Chapitre 19 : Hypothèse
« Les fruits dont tu faisais tes délices s'en sont allés loin de toi ; toutes les choses délicates et magnifiques sont perdues pour toi, et tu ne les retrouveras plus. »
(Apocalypse de Saint-Jean, 18, 14)
Chaque jour depuis bientôt trois semaines, Alice passait un peu de temps à espionner les conversations militaires à l’aide du talkie-walkie. Elle en faisait un vrai jeu ! Mais au-delà de l’amusement, elle espérait traquer les tentatives de l’armée de la dénicher, et obtenir des informations sur les dragons encore en vie. Le gouvernement américain avait indiqué n’avoir aucune nouvelle du responsable de la catastrophe de Talkeetna, et cela intriguait Alice au plus haut point. Où était-il maintenant ? De son côté, l’Argentine évoquait un désastre écologique, même si plus aucune ombre anormale ne planait sur le pays depuis une vingtaine de jours : toutes ses terres cultivables semblaient périr à toute vitesse et le bétail mourait dans les champs à cause de la végétation malade. Ces catastrophes étaient-elles liées à la présence du dragon qui avait frappé là-bas ?
Chaque fois que quelqu’un sonnait à la porte, Alice était sur le qui-vive tandis que sa grand-mère ouvrait aux visiteurs. Elle savait que l’armée reviendrait la chercher. La plupart du temps, ce n’était bien sûr que le facteur, un livreur quelconque, ou le voisin venant tailler la haie qui, dans sa croissance printanière accélérée, débordait sur son terrain.

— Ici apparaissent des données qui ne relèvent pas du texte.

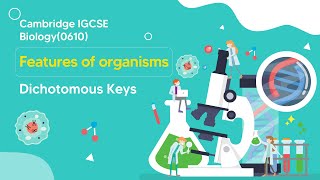 Mastering Dichotomous Keys in IGCSE Biology 🌿🔬 Everything You Need to Know [upl. by Kahl63]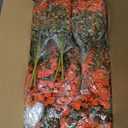 36 Pcs Artificial Mums Flowers Outdoor Plastic Fall Flowers Fake Mums Autumn Greenery Flower for Porch Window Box Farmhouse Thanksgiving Home Decor(36, Orange)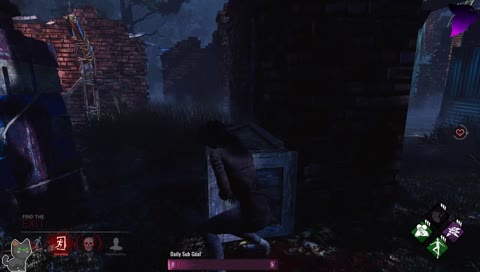 Body Replacement Technique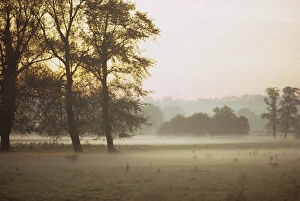 Moody Prints: Mist, Essex, England, United Kingdom, Europe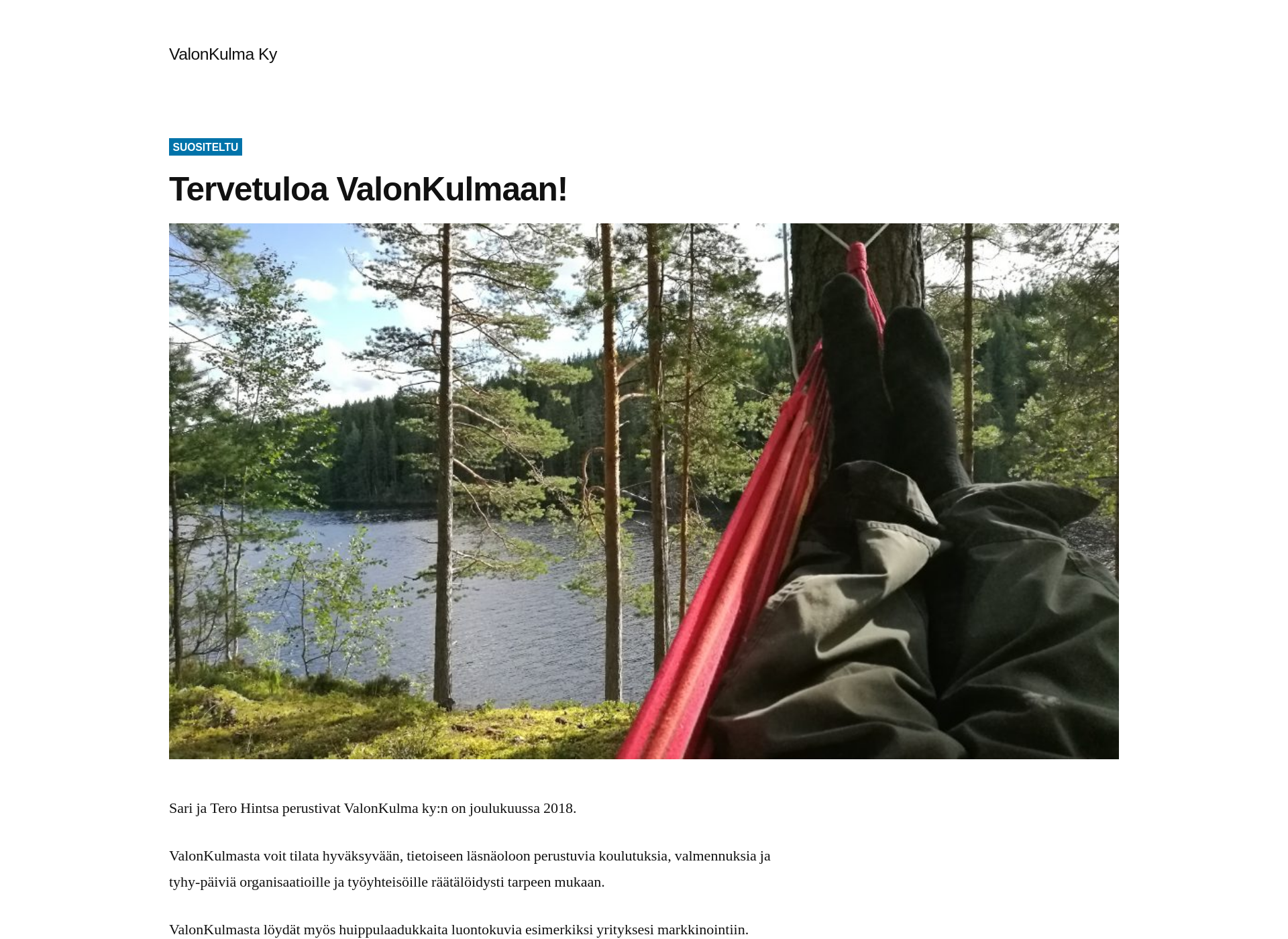 Screenshot for valonkulma.fi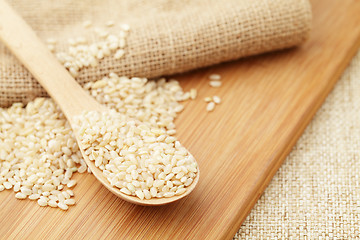 Image showing Uncooked rice on spoon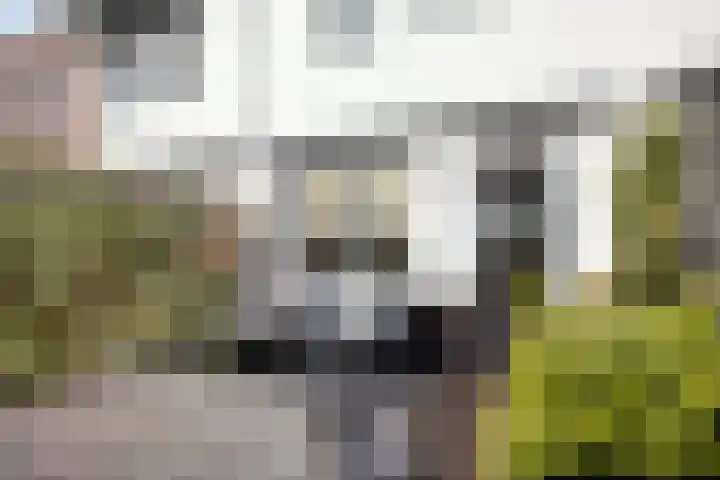 Heermoesstraat 19 's-Hertogenbosch thumbnail 22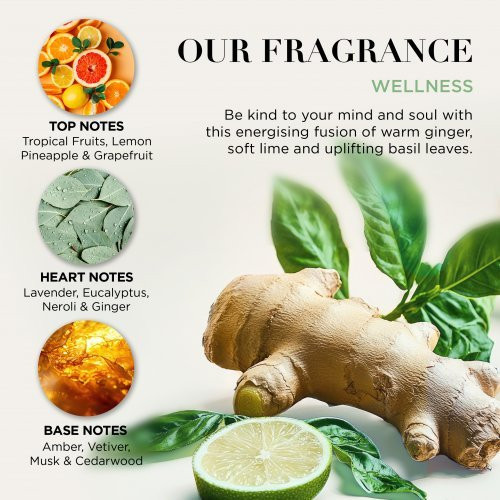 Baylis & Harding Kūno priežiūros dovanų rinkinys Wellness Tin Of Treats Gift Set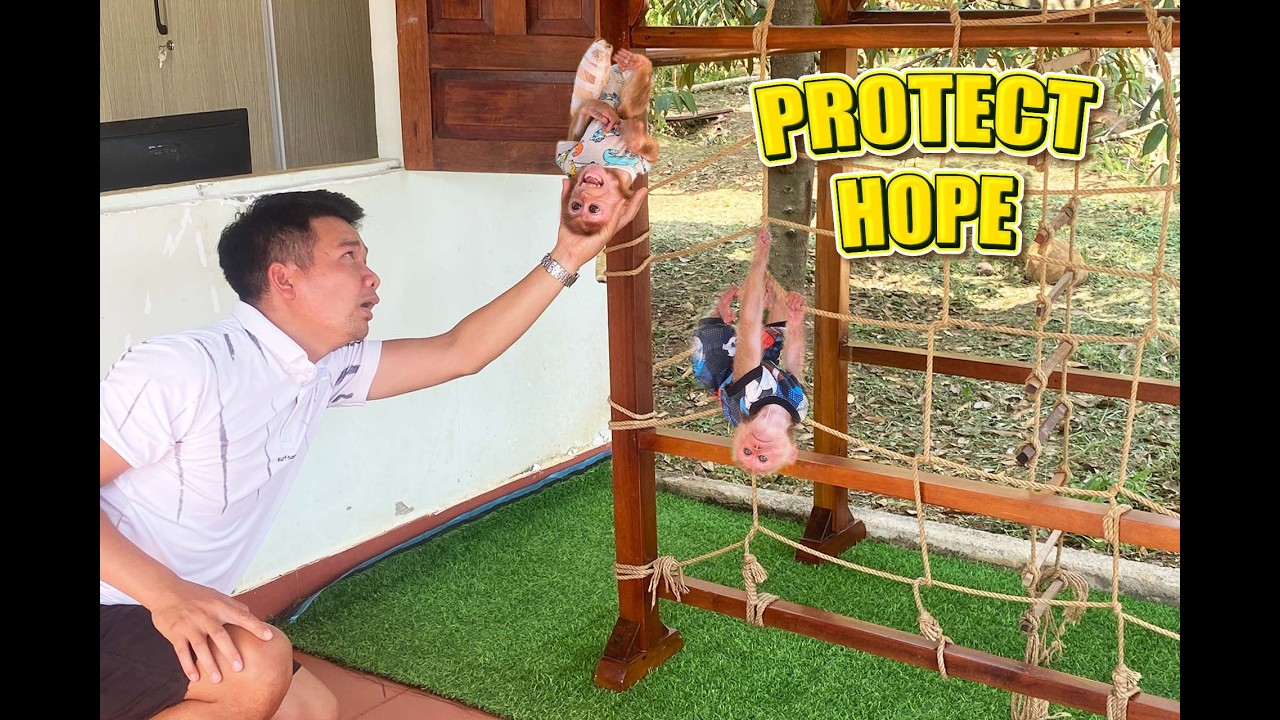 Dad Hung and Jobi are always by Hope's side to protect and care for her.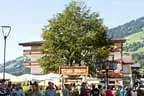 Brixner Almfestl Bild 36
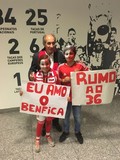 by José Ramalhão Fortunato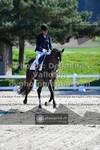 ref. photo 3552811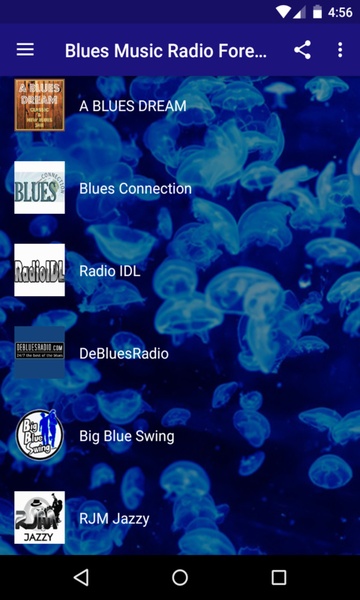 Blues Music Radio Forever - Preview 3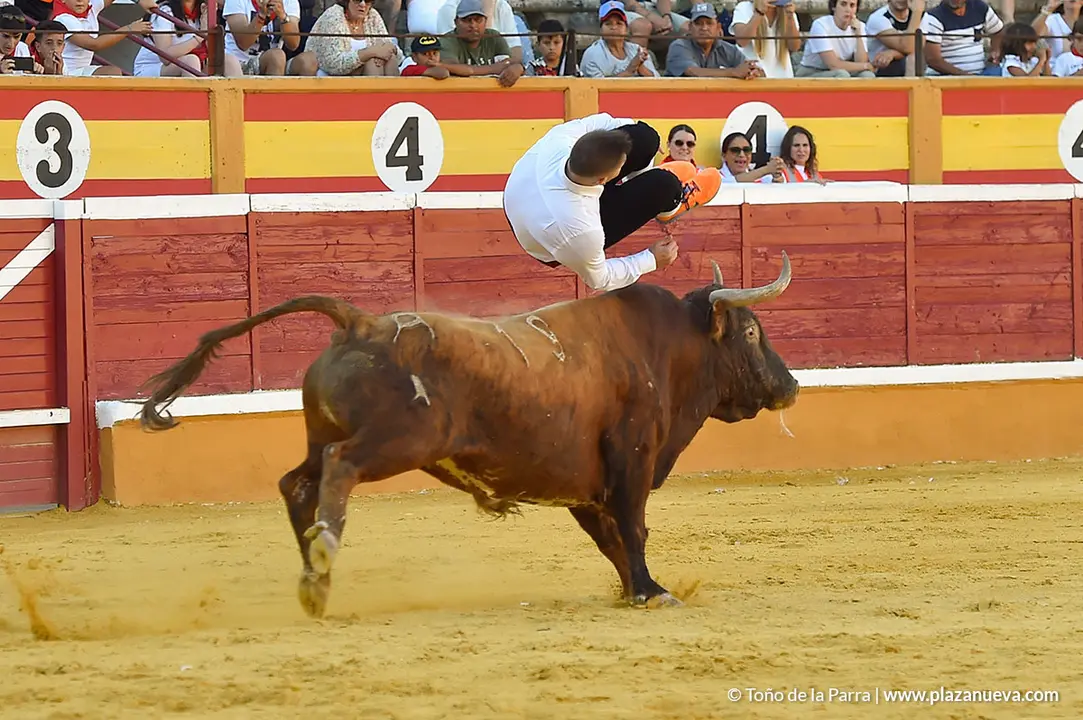 Recortadores d&iacute;a 26, Fiestas de Tudela 2022 - 44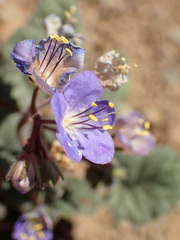 Phacelia longipes
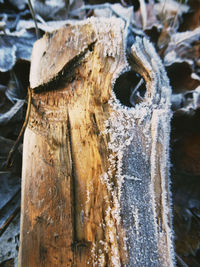 Close-up of wood in snow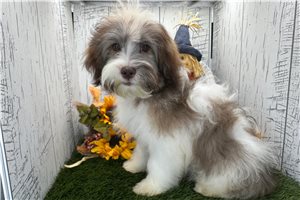 Dora - Havanese, placed in South Bend / Michiana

Sauf ce jour-là. Ce jour funeste où ce fut bel et bien l’armée. L’un des soldats avait tout de suite braqué son fusil sur la vieille femme et l’avait sommée de garder le silence. Deux autres étaient entrés à vive allure dans le salon, souillant le carrelage étincelant de leurs bottes pleines de boue et de neige fondue. Le sang d’Alice n’avait fait qu’un tour et elle avait suivi les consignes de sa grand-mère en filant par la fenêtre de la cuisine. Puis, en toute discrétion, elle avait contourné la maison pour s’enfuir vers son propre havre de paix, le cirque du Fer à Cheval, à travers le sous-bois. Hélas, la fine couche de neige persistante du printemps dans les zones ombragées et les traces qu’elle y laissait trahissaient ses déplacements de manière bien évidente, et deux soldats l’avaient prise en chasse.
— Arrête toi, gamine ! On n’te fera aucun mal ! avait hurlé l’un d’eux dans son sillage.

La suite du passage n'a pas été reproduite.